Care minister Paul Burstow has slammed primary care trusts for failing carers after a survey revealed more than 90% had failed to produce plans on spending their share of an additional £400m of government cash for carers’ breaks.
A survey by the Princess Royal Trust for Carers (PRTC) and Crossroads Care found that only 9% of PCTs had produced revised carers’ plans and budgets for 2011-12 in partnership with councils, as required by the government’s NHS Operating Framework.
The requirement, issued in November, was designed to ensure that PCTs accounted for £400m in funding for breaks from 2011-15. In the past, money earmarked for carers’ services has not been spent as desired.
Care services minister Paul Burstow said of the survey finding: “It is unacceptable if PCTs are not meeting their responsibilities as set out in the this year’s NHS Operating Framework, which states that PCTs must pool budgets with local authorities to provide carers’ breaks.”
The survey found:
• 12% would not be publishing budgets and plans for carers in 2011-12.

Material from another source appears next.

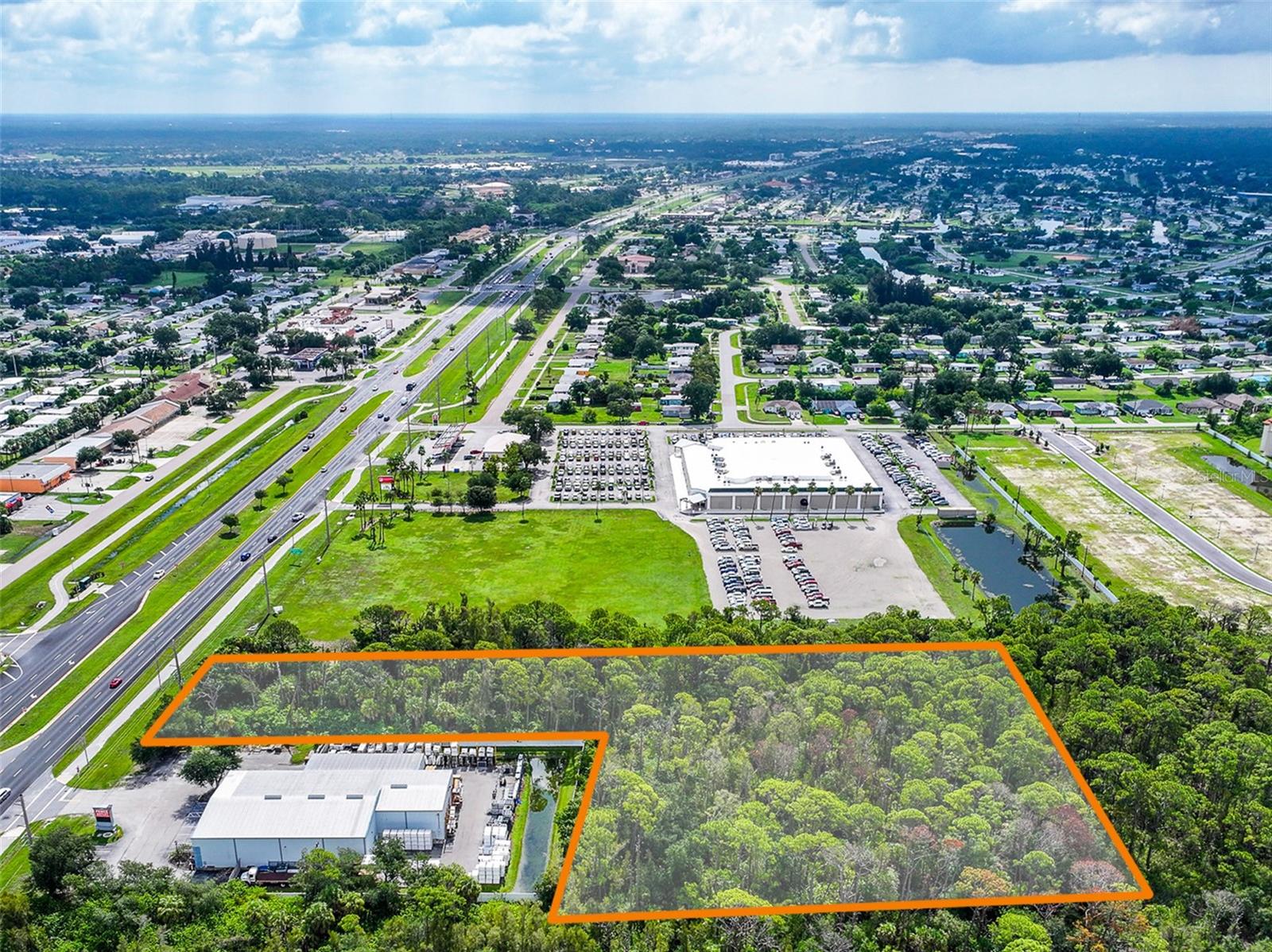 12986 TAMIAMI TRL S — photo 4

• 25% had published plans and budgets for this period but had not been revised them since the £400m of funding was announced.
• 54% said they intended to publish revised plans, with publication dates ranging from July 2011 to March 2012.
The PRTC said the government needed to step in to ensure the money reached carers and force them to publish updated plans by October 2011. Previous research by the charities found that, of the £150m for carers’ breaks given to PCTs between 2009 and 2011, only a quarter was spent on carers.
Liz Fenton, chief executive of the PRTC, said the government needed to publish how much money had gone to each PCT for 2011-15, so that they could be held to account by local groups.
“Previous governments have moved toward decentralisation and the current government has continued with that, but for that to work people need the information,” she said.
Burstow echoed Fenton’s comments: “PCTs must ensure plans for carers’ services are made available to local people so that they can hold their organisations to account for delivery. I expect every PCT to deliver on these requirements.”
The PRTC also found that it was questionable how many PCTs had followed government guidance to produce carers’ plans with local carers’ groups.
While 82% of the 112 PCTs surveyed said they had involved carers’ groups in the production of plans, including those yet to be published, only 40% of local carers’ groups said they had been involved.